As one of the 100 major coal-producing counties in China, Huaping, in the old days,
collected 70 percent of its fiscal revenue from coal-related industries. Though the coal sector drove economic growth, disordered mining had seriously damaged local ecology and environment, and brought harm to people’s health.
Such extensive mode is never a choice for long-term development. Therefore, the county decided to explore a new development path that prioritizes ecology and green economy.
In recent years, Huaping shut down 84 percent of its coal mines, and covered the mines and barren mountain with vegetation. It also helped 25 coal enterprises and some 46,000 employees in the industry transit to mango business.
So far, Huaping has planted 378,000 mu (25,200 hectares) of mangos, generating annual revenue of 2.28 billion yuan ($350 million). Nearly 9,000 impoverished residents in the county have been lifted out of poverty.
Huaping’s transition is an epitome of China’s efforts to cut production capacity in the coal industry and pursue a green path of development.
According to a report issued by China National Coal Association on March 3, China has over-fulfilled its de-capacity tasks in the coal industry over the past five years. As of the end of the last year, China had shut down 5,500 coal mines, and eliminated 1 billion tonnes of annual coal output capacity. As a result, the number of coal mines across the country has been reduced to less than 4,700.
Besides, the country is also accelerating its pace of the clean utilization of coals. A total of 950 million kilowatts of capacity has went through upgrades to achieve ultra-low emissions and energy efficiency, accounting for around 76 percent of the total installed capacity of the country’s coal-fired plants. During the past five years, the consumption of bulk coals has been cut by over 200 million tonnes.
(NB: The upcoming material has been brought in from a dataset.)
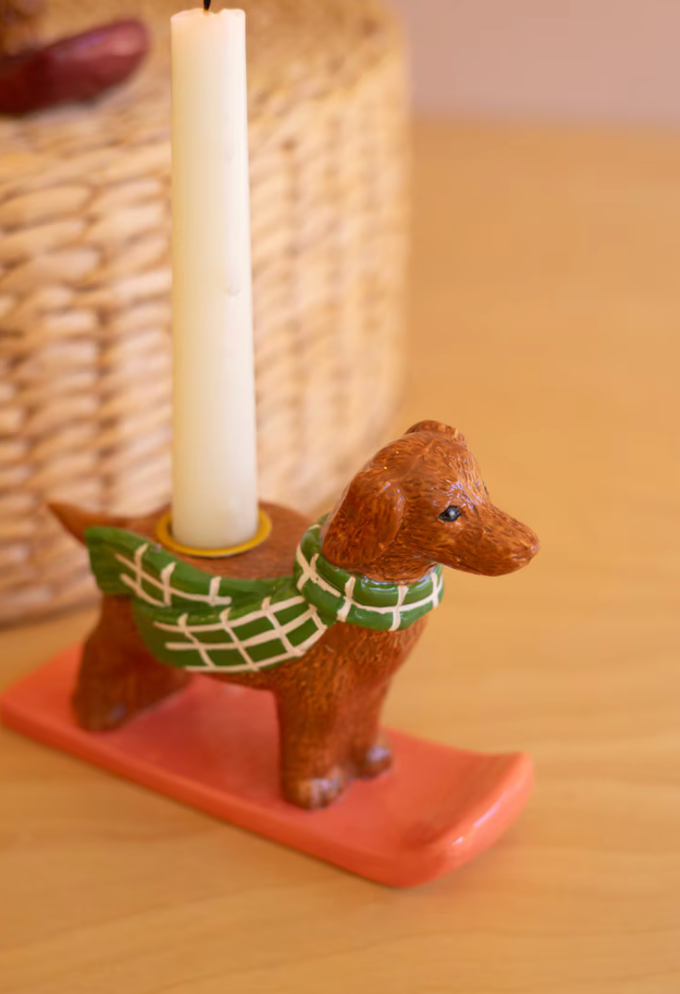 A small brown dog-shaped candle holder on a coral-orange base, wearing a green plaid scarf, holding a white taper candle on a wooden tabletop with a blurred woven basket in the background.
By the end of the last year, China has established over 1,200 major modern coal mines that can produce 1.2 million tonnes of coals each on an annual basis, and their production makes up 80 percent of the country’s total. Shanxi Province, Shaanxi Province and Inner Mongolia Autonomous Region in north and northwest China, which enjoy rich coal resources, gradually developed into coal production and processing centers.
The three regions produced 71.5 percent of coals in the country last year.
The report said that the number of coal mines in China will be further cut to around 4,000 by 2025, and more than 1,000 intelligent coal mines are expected to be built by that time.
Besides, the country will also build 65 major coal mines with each having a capacity of 10 million tonnes, and they will generate nearly one billion tonnes of coals every year. China will foster three to five coal enterprises to become world-class firms, promote acquisition, merger and restructuring, and establish 10 coal firms that produces one million tonnes of coals a year each.
In addition, machines are expected to extract 90 percent of coals and excavate 75 percent of coal mines across the country.